Darauf entfaltet sich ­ und zwar buchstäblich, Wort für Wort ­ die Handlung des Films: Vier lebensüberdrüssige Männer ziehen sich auf ein Gut zurück, um sich in selbstmörderischer Absicht zu Tode zu fressen. Bei Marco Ferreri waren das im Jahre 1973 Michel Piccoli, Marcello Mastroianni, Ugo Tognazzi und Philippe Noiret, und diese vier Herren fraßen bei aller Drastik auf eine kultivierte und verfeinerte Weise. An der Volksbühne sind es die Castorf-Recken Herbert Fritsch, Marc Hosemann und Milan Peschel sowie der herrliche Samuel Finzi ­ Gotscheffs unverzichtbarer Hauptrollenspieler. Diese Viererbande allerdings, zu der sich später noch ein extraordinär ordinäres Frauenquartett (Almut Zilcher, Rosalind Baffoe, Anne Ratte-Polle und Frank Büttner (!)) gesellt, hat mit Kultiviertheit nicht viel am Hut. Wie ihre Vorgänger kochen, vögeln und furzen sie um die Wette, doch im Unterschied zu jenen absolvieren sie ihren letzten Parcours mit virtuos-mechanischer Freudlosigkeit ­ sie sind Getriebene, Worka-holics des Vergnügens. Man rutscht quietschend im Schaum, schiebt sich lustlos Rohkost rein und zelebriert den Leerlauf. Und letzterer wird leider zum Problem des Abends, denn Abbildung des Leerlaufs durch Leerlauf läuft schnell leer. Allzuoft wähnt man sich in einer gewöhnlichen Volksbühnen-Inszenierung, in der ein paar Castorf-Schauspieler ihrem Affen Zucker geben. Das ist schade, denn die Bildkraft der Aufführung ist enorm, und Gotscheffs Ansatz erscheint im Grunde völlig plausibel.
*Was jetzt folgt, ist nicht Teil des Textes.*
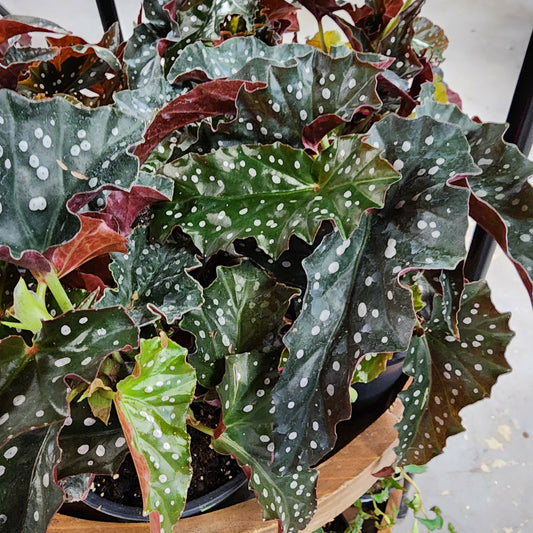 Black Forest Begonia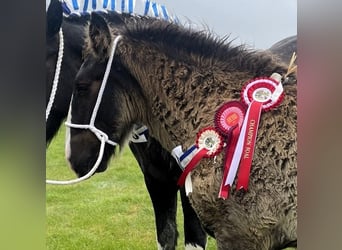 Shire Horse, Étalon, Poulain (05/2024)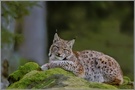Luchs (Lynx lynx)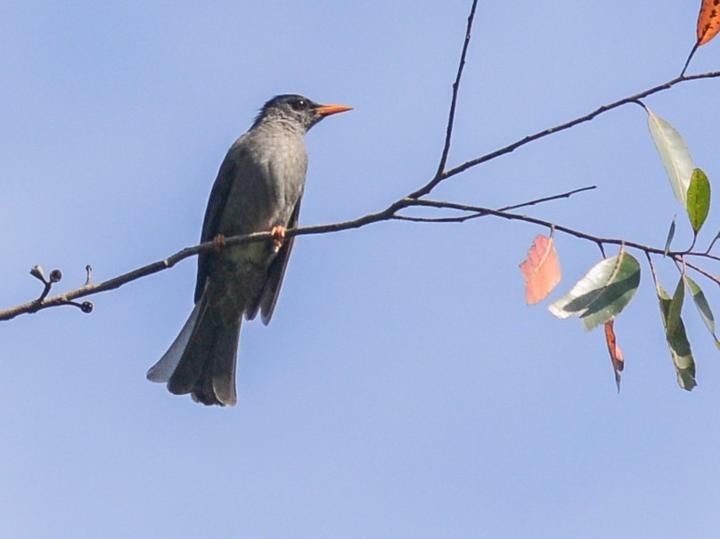 莫岛短脚鹎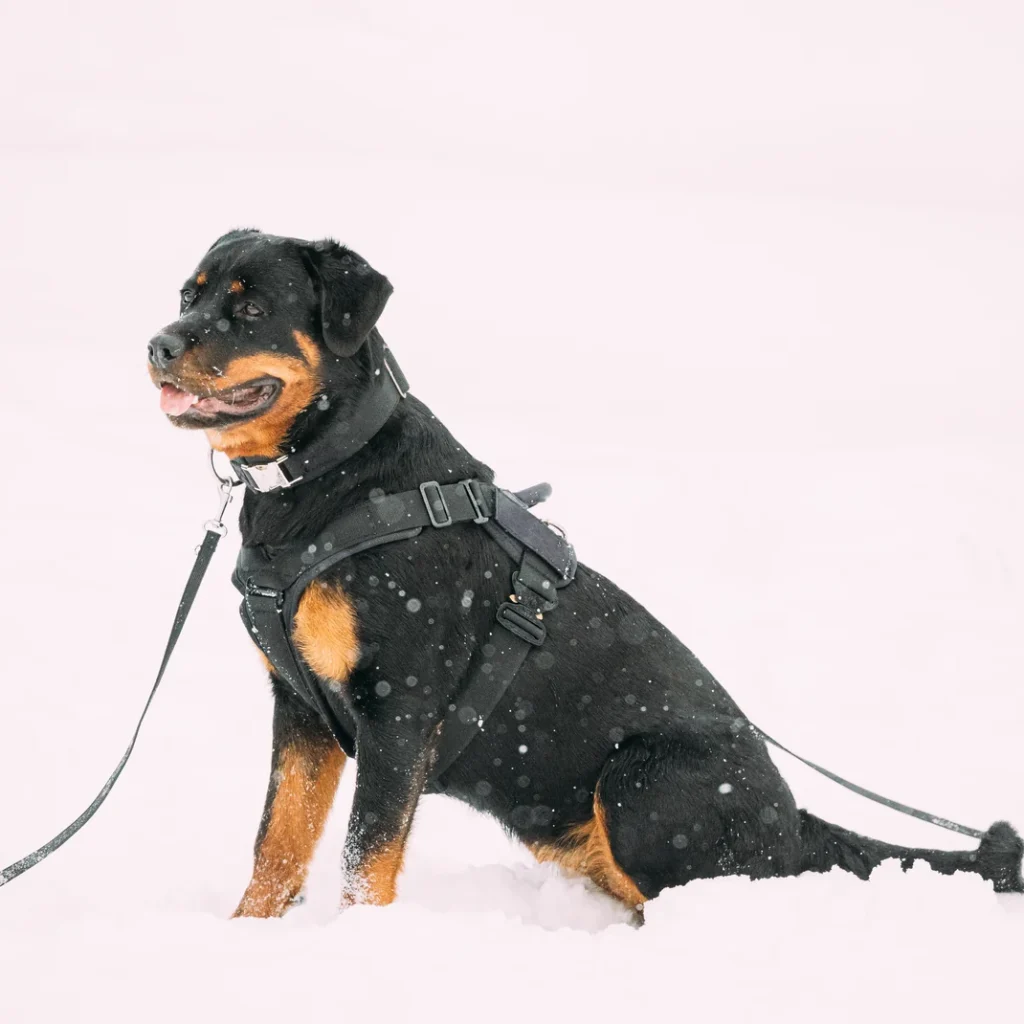 Cuánto cuesta un seguro de perro en Zaragoza: rottweiler adulto sentado de perfil en un campo nevado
Verunglimpft man die Menschheit, indem man feststellt, daß die gewaltig überwiegende Mehrzahl aller Menschen unter dem „Glücke Fressen und Saufen versteht?" fragte Thomas Mann 1918. Von Mann zu Gotscheff ist ein weiter Weg, doch noch immer scheint dieser Glücksbegriff zur Debatte zu stehen. Mit seinem großen Schaumbad stellt Gotscheff einer hedonistischen Gesellschaft die Diagnose: Am Ende erstarren die vier männlichen Darsteller einer nach dem anderen und sitzen als glotzende und schaumbedeckte Leichen am Tisch. Sie glotzen ins Publikum. Das hat sich jedoch nicht wiedererkannt, sondern amüsiert oder gelangweilt, schließlich ist man ja nur im Theater.